▶ _DATA SECTION_:
%%

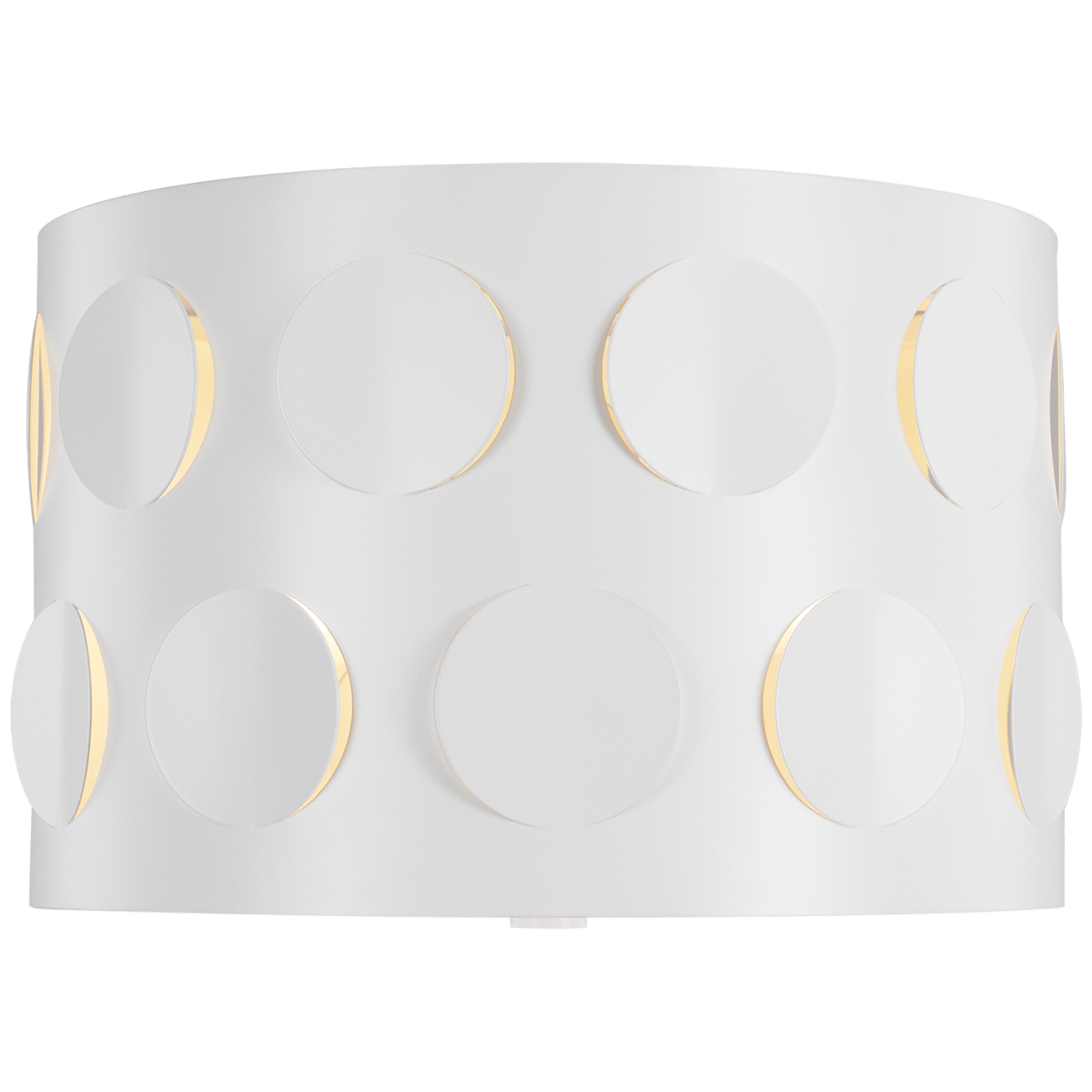 Plafonnier Dottie - Blanc mat 13 1/8" by Visual Comfort Studio | Luminaires & cie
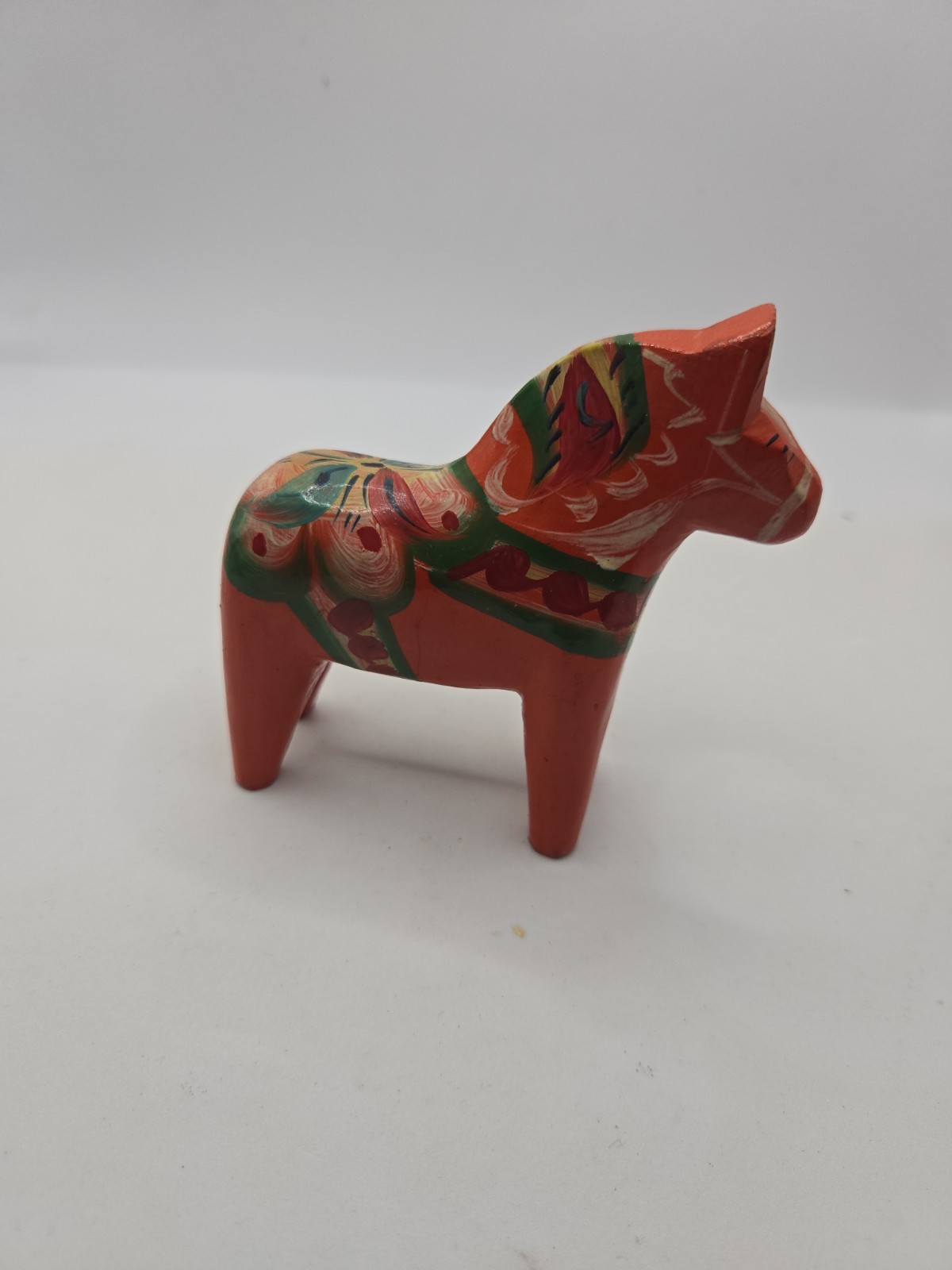 Vintage 4" Dala Orange Horse Akta Dalahemslojd Swedish Hand Painted Vintage 4" Dala Orange Horse Akta Dalahemslojd Swedish Hand Painted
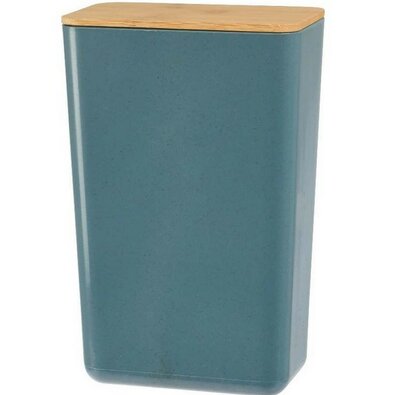 Aufbewahrungsbox mit Bambusdeckel Roger, 13 x 20,7 x 8 cm, Blau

%%

▶ _ASSIGNMENT_: Could you reproduce the listing above exactly and drop every picture?

▶ _ANSWER TO THIS TASK_:
 Plafonnier Dottie - Blanc mat 13 1/8" by Visual Comfort Studio | Luminaires & cie
 Vintage 4" Dala Orange Horse Akta Dalahemslojd Swedish Hand Painted Vintage 4" Dala Orange Horse Akta Dalahemslojd Swedish Hand Painted
 Aufbewahrungsbox mit Bambusdeckel Roger, 13 x 20,7 x 8 cm, Blau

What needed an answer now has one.